Currently under the control of the Florida Department of Transportation (FDOT), the ditch located near Monroe Avenue and Gem Lake has seen little to no improvement in maintenance in decades, said the city’s Lakes Manager Coordinator, Marissa Williams.
“FDOT has been doing very minimal amounts of maintenance in this ditch,” she said. There’s probably tens of thousands of dollars of maintenance that could be done.”
Transferring control of the ditch to the city from FDOT was proposed at the last Maitland City Council meeting Dec. 10, but tabled and is to be up for vote again Jan. 14. Councilman Jeff Flowers said having Maitland take ownership of the ditch is for the betterment of all the city’s water systems, as it serves as gateway for the flow of water into nearby lakes. As it stands, he said, pollutants trapped in the ditch are being carried downstream into the city’s other bodies of water.
“Nothing has happened to this ditch, and those nutrients have continued to flow into our entire Maitland lakes system for all these years … We need to take control of our destiny now and take control of this ditch,” Flowers said.
Having city control over the ditch, Williams agreed, would allow the Public Works Department to actively pursue grants to help fund the ditch’s maintenance. She said the city has previously sought grants to clean it, worth $350,000 to $400,000, but were denied on the grounds that Maitland didn’t own it or have signed consent from FDOT for the projects. Proposed construction plans to clean up the ditch, she said, have already been drawn with the total cost estimated at $750,000.
Mayor Howard Schieferdecker proposed tabling the item at the December Council meeting to give the city time to work out the best possible deal in securing the transfer of ownership. He issued concerns of taking control of the neglected ditch only to have the state turn around and demand it be cleaned and maintained to proper levels immediately. That’s a cost, he said, the city is likely not able to budget for right now.
“They have done nothing, but they can require us to do a whole bunch,” Schieferdecker said.

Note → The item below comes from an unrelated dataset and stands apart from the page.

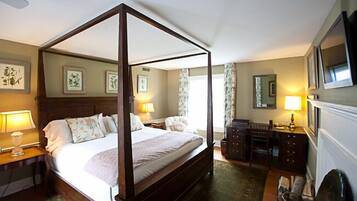 A four-poster bed with a wooden frame, a bedside table with a lamp, a dresser, and a mirror on the wall.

Public Works Director Rick Lemke said the city has worked to alter the proposed transfer agreement with FDOT to address standards for the ditch to be held to once the transfer occurs.

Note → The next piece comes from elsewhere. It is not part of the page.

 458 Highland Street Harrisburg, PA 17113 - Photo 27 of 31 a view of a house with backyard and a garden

“We don’t want to assume responsibility for the ditch and then have the state come back and say we have to have it in pristine condition when it’s never been that way,” he said.
Upkeep of the functionality of the ditch, Lemke said, is the main concern of FDOT. And the ditch currently does its job in transferring stormwater from one place to another. The new transfer agreement, to be presented Jan. 14, he said, will address both up keep and functionality that would need to be maintained following the transfer.
Also in the works regarding the ditch, Lemke said, is an agreement with developer Dan Bellows over liability and responsibility for it once under city control, as it falls in the Gem Lakes Apartment land he is looking to develop. He said the city will draft and finalize the language of that agreement if and when the transfer is finalized.